Judi Bernstein-Baker , a New York native who has lived in Philly for 47 years, got involved in the civil rights movement in the 1950s and has been working on behalf of victims of injustice ever since.

by Constance Garcia-Barrio

Curbside characters like Judi Bernstein-Baker may pop up at your door with passion and inspiration. If you see Bernstein-Baker, 74, chewing mint gum and doing the hip-replacement strut – it takes a strutter to know one – don’t let it lull you into seeing her as one more tame elder. Bernstein-Baker, social worker, lawyer and grandmother, continues a lifetime practice of taking her passion to the pavement.

Bernstein-Baker’s latest push involved hitting the street to ask some of her Mt. Airy neighbors to consider voting for independent candidates for City Council in Philly’s November election.

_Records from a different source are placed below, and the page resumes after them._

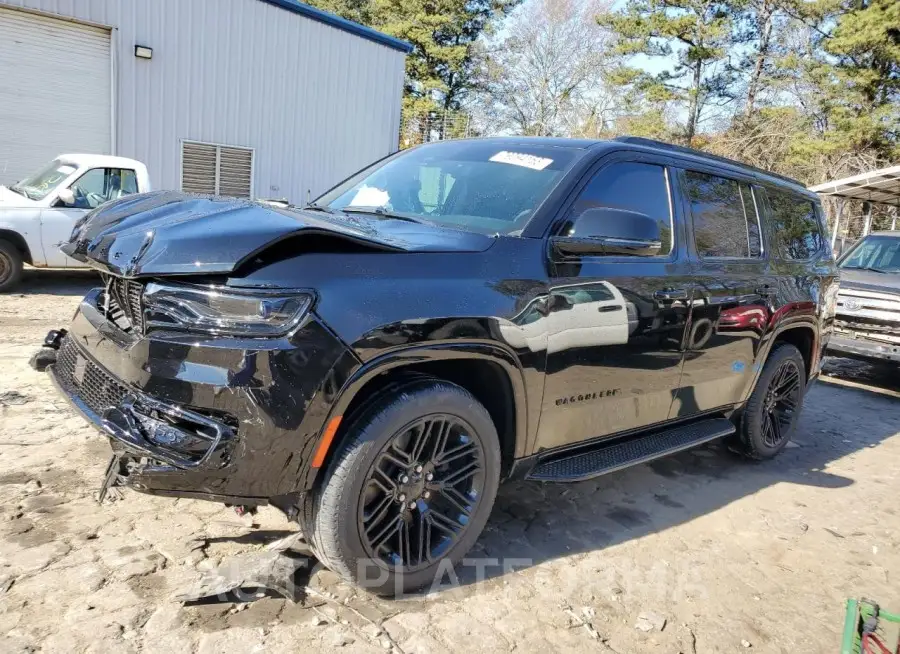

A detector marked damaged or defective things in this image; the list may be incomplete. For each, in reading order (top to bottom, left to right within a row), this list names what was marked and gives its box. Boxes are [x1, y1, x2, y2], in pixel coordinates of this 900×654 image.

crumpled hood [63, 192, 496, 280]
crumpled hood [836, 268, 900, 296]
broken headlight assembly [141, 284, 310, 338]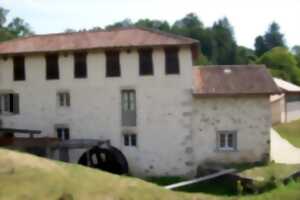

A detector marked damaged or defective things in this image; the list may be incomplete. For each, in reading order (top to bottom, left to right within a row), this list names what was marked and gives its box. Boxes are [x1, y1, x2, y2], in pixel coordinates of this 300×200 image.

rusty roof [0, 27, 199, 55]
rusty roof [193, 65, 280, 95]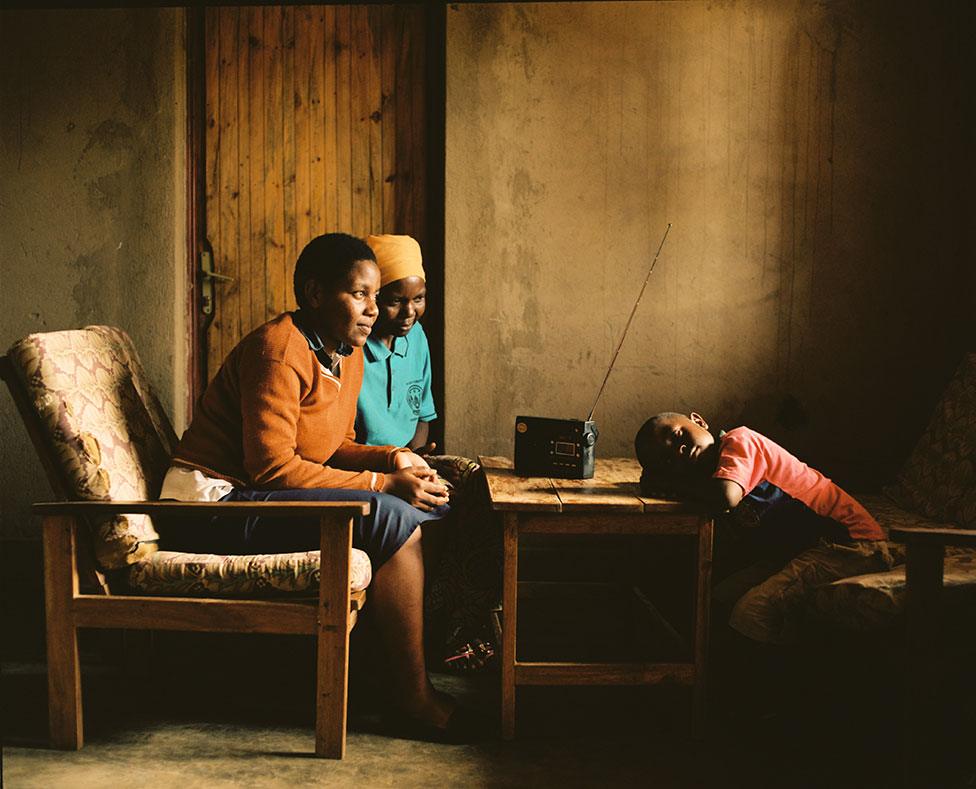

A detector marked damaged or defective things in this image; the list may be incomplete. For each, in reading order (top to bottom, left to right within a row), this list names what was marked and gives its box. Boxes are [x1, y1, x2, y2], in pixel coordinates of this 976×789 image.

cracked wall surface [0, 9, 187, 540]
cracked wall surface [446, 1, 972, 486]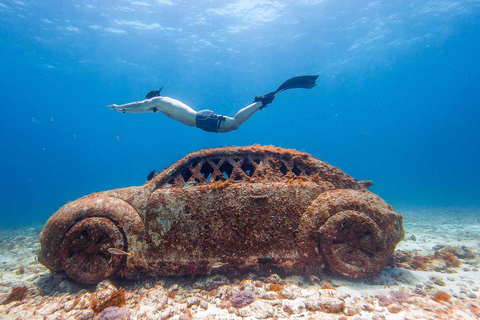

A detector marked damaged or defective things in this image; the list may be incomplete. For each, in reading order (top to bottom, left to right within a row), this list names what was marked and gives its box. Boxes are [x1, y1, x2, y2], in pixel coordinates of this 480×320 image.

rusty car sculpture [39, 145, 404, 282]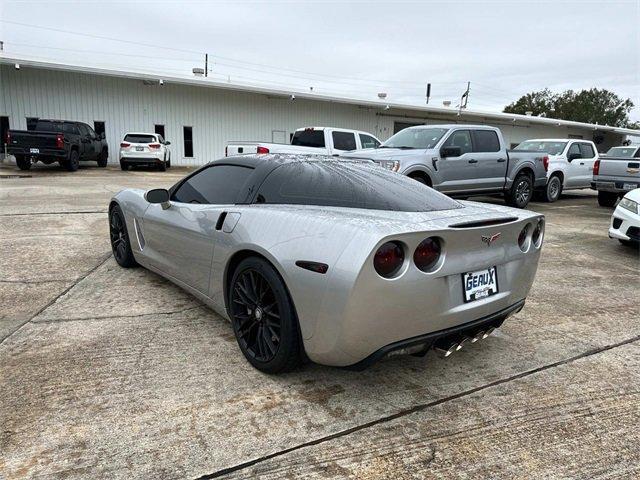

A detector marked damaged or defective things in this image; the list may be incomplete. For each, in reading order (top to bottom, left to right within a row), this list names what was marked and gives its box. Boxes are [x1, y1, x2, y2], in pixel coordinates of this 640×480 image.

pavement crack [0, 253, 111, 344]
pavement crack [194, 334, 640, 480]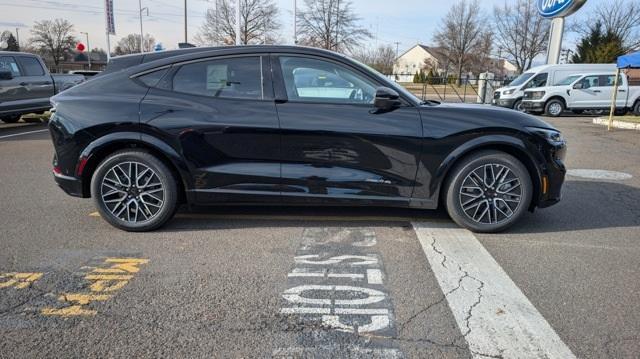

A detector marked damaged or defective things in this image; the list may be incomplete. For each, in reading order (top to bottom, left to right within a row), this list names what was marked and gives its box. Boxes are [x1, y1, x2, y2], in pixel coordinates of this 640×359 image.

cracked pavement [1, 116, 640, 358]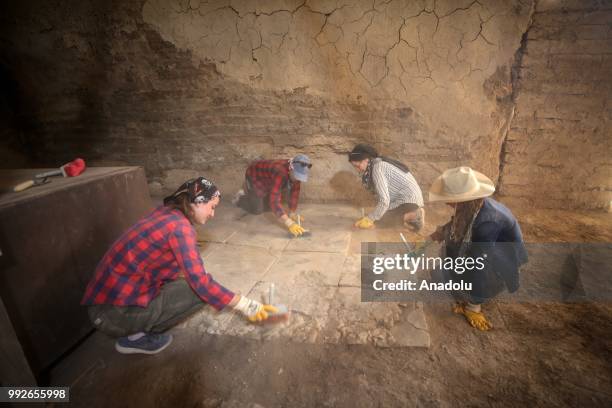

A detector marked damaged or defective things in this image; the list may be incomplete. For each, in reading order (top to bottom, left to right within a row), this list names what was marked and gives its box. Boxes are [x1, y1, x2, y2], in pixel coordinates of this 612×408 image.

“It’s important for the city to have a vibrant government, and that requires councilpeople who look at issues independently rather than through a partisan lens,” said Bernstein-Baker, who was canvassing in cooperation with Philadelphia Neighborhood Network, a racially and culturally diverse organization of neighborhood activists.

“Many candidates running for the first time don’t have a lot of money [to pay for publicity]. That’s what makes them attractive to me. Sometimes, big donors feel they have a right to influence a winning candidate’s policies.”

Bernstein-Baker, a native of Queens, New York, who’s lived in Philly for 47 years, got an early start in public activism.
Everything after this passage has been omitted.